Bust or boom? What will happen to Australia's property market?
Bust or boom? What will happen to Australia's property market?

Is the Australian property market about to go bust or will the pandemic driven boom continue indefinitely?



That is the question being hotly debated among real estate professionals, vendors and buyers alike as 2021 draws to a close.



KR Peters Director Peter Nicolls says it is impossible to know when the market has hit its peak and it's only with hindsight that the top of the market becomes apparent.



He said housing and lending data over the next couple of months will be crucial to revealing what the short term future holds for the property market and whether that peak has been reached.



CoreLogic's October index revealed Perth recorded its first negative monthly result since June last year, with values dipping -0.1 % lower. In the same period Brisbane took over as the fastest growing market with housing values up 2.5 % in October buoyed by cashed up buyers fleeing locked down southern states.



In Sydney and Melbourne the monthly rate of growth more than halved since the highs seen in March 2021.



CoreLogic's conclusion is that the market is continuing to slowly lose momentum. Nationally, the monthly growth rate eased to 1.49% in October from 1.51% in the previous month.



Annually prices are up 21.6% nationally over the year to October.



Mr Nicolls said the CoreLogic data reflects worsening affordability, changes to government COVID support and stimulus measures and increasing stock coming to market.



"The market is like a set of scales. The equilibrium has moved from no stock and heaps of buyers to more stock and fewer buyers," he explained.



Mr Nicolls said indications from the Reserve Bank about interest rates rising, possibly late next year or early 2023, will also give borrowers pause for thought as they consider how much debt they should take on. In its statement released after its Melbourne Cup day meeting, the Reserve dropped reference to the timing of hikes being "not before 2024".



It also abandoned its policy of "yield curve control". Until then the Reserve had a formal target for the 3-year bond yield of .10%, which in turn allowed the banks to provide cheap fixed mortgages for the same fixed term.
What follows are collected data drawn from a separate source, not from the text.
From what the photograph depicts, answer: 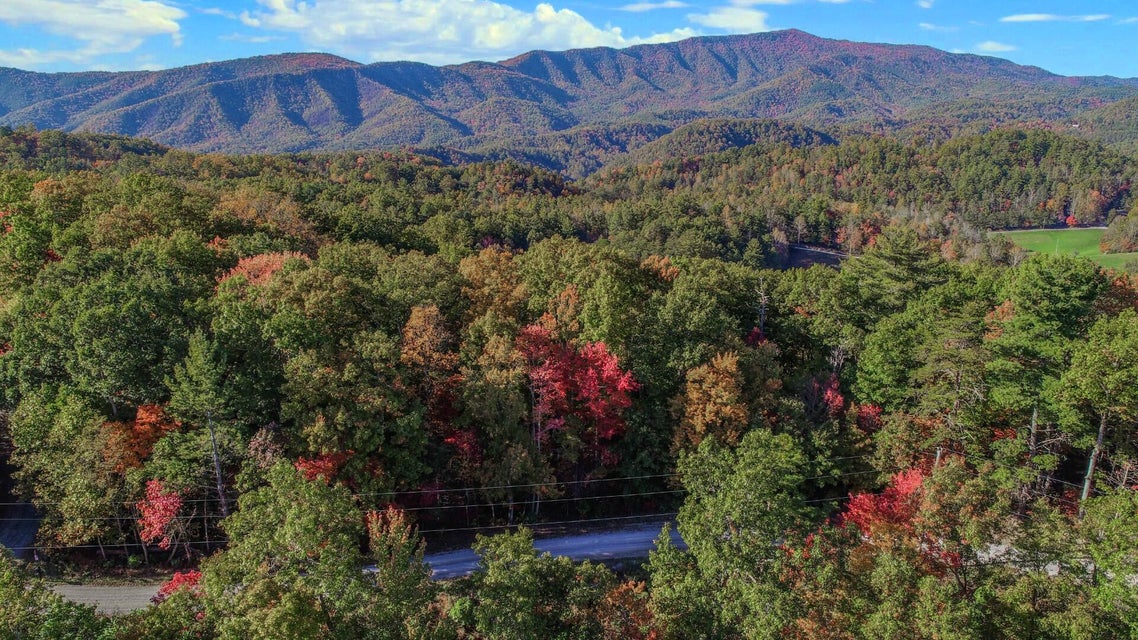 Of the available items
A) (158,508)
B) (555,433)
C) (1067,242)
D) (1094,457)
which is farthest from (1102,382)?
(1067,242)

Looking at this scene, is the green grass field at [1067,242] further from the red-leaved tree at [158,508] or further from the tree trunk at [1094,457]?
the red-leaved tree at [158,508]

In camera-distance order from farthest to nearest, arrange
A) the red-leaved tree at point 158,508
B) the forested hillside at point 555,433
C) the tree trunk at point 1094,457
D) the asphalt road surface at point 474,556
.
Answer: the tree trunk at point 1094,457 < the asphalt road surface at point 474,556 < the red-leaved tree at point 158,508 < the forested hillside at point 555,433

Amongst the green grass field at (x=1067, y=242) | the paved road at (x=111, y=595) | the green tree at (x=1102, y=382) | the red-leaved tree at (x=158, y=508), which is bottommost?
the paved road at (x=111, y=595)

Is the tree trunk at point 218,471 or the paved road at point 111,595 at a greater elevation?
the tree trunk at point 218,471

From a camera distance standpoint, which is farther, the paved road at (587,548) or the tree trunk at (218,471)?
the paved road at (587,548)

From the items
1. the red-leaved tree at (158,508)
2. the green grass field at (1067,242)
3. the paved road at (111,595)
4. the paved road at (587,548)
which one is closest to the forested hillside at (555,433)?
the red-leaved tree at (158,508)

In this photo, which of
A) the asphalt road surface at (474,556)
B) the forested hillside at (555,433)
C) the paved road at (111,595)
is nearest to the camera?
the forested hillside at (555,433)

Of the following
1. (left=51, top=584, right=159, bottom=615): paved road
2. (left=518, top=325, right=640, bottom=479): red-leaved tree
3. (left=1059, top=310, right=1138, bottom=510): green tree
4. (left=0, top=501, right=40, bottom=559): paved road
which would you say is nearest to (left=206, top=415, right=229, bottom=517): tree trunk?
(left=51, top=584, right=159, bottom=615): paved road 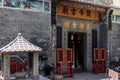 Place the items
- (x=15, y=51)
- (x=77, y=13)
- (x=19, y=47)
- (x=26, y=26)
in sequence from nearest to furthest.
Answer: (x=15, y=51), (x=19, y=47), (x=26, y=26), (x=77, y=13)

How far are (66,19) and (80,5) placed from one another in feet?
3.31

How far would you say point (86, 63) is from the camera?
13.6 meters

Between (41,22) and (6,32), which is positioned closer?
(6,32)

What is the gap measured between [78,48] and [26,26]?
14.7 feet

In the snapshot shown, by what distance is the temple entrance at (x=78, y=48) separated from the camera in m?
13.8

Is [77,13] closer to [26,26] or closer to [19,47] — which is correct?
[26,26]

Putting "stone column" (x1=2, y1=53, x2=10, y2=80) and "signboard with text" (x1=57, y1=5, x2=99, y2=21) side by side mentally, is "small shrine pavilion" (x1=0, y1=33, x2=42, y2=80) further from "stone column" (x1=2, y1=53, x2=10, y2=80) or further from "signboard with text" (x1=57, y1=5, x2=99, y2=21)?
"signboard with text" (x1=57, y1=5, x2=99, y2=21)

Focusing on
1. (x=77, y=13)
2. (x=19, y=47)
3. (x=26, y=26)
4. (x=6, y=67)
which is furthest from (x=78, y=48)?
(x=6, y=67)

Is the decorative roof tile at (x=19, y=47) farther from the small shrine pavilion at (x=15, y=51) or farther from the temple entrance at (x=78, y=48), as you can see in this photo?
the temple entrance at (x=78, y=48)

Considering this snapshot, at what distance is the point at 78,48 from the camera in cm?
1406

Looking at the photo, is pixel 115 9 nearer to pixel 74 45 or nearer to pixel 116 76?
pixel 74 45

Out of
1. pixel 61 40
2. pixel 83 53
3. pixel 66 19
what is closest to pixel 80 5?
pixel 66 19

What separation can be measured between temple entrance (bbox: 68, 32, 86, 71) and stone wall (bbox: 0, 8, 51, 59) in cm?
289

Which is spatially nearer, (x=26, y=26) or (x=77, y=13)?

Pundits took this as a sign that the cash rate wouldn't climb above .10% until the most recent 3-year bond expires in April 2024.



That has now changed abruptly and the Reserve Bank has effectively withdrawn from the market. In response the 3-year bond rate shot up to 1%.



"Where we are now there is a lot of debt to be paid back. When rates go up, some people will be under pressure to service loans," Mr Nicolls warned.



"The banks have also had to tighten up their lending. Banks now have to assess if new borrowers are capable of making mortgage repayments 3 percentage points above their current rate. The previous buffer was 2.5 per cent. This will also tighten the flow of credit.



"Lots of factors will play into the future direction of the market, things like interstate migration, overseas arrivals now that borders are opening again, and the number of first home buyers entering the market.



"There are also legislative implications for the market, factors like changes to land tax and stamp duty. Come January councils will redo valuations and people's land tax will go up significantly because of increased valuations. This will certainly affect the investor market, especially those who have multiple properties."



Mr Nicolls said the end of lockdowns may also make people reassess if they want a large mortgage or do they want to spend their money taking holidays, dining out and being entertained outside the home, all things denied them during the worst of the restrictions.



"There is a large percentage of people who think the market is unstoppable. But in my experience, because of the massive growth we have seen in the past two years, there will have to be a correction at some point.



"There has to be a tipping point, the market can't keep being an express train not stopping to take a breather."